## Your instructions
Find the line below with "Casa de vis" and the line with "woman sitting on desk with computer". Output exactly those lines and everything between them, leaving out the pictures.

## Task data
━━━━━━
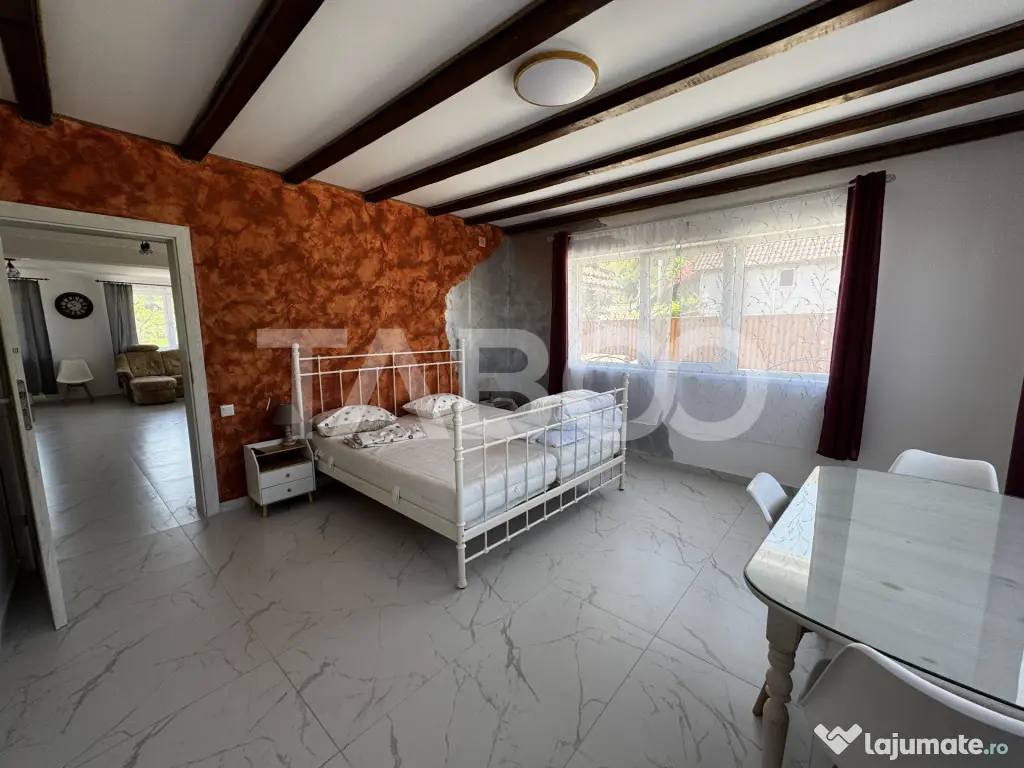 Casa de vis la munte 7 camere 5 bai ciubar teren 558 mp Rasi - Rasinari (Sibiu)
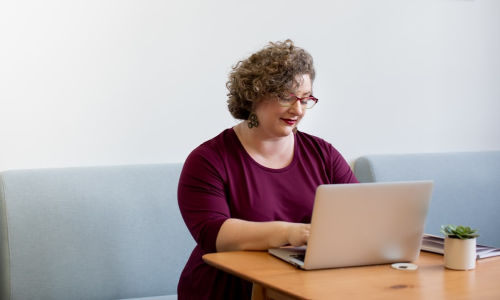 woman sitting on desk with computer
━━━━━━
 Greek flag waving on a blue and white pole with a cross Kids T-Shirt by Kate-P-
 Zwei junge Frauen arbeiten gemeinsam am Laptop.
━━━━━━
## Reply to the exercise
 Casa de vis la munte 7 camere 5 bai ciubar teren 558 mp Rasi - Rasinari (Sibiu)
 woman sitting on desk with computer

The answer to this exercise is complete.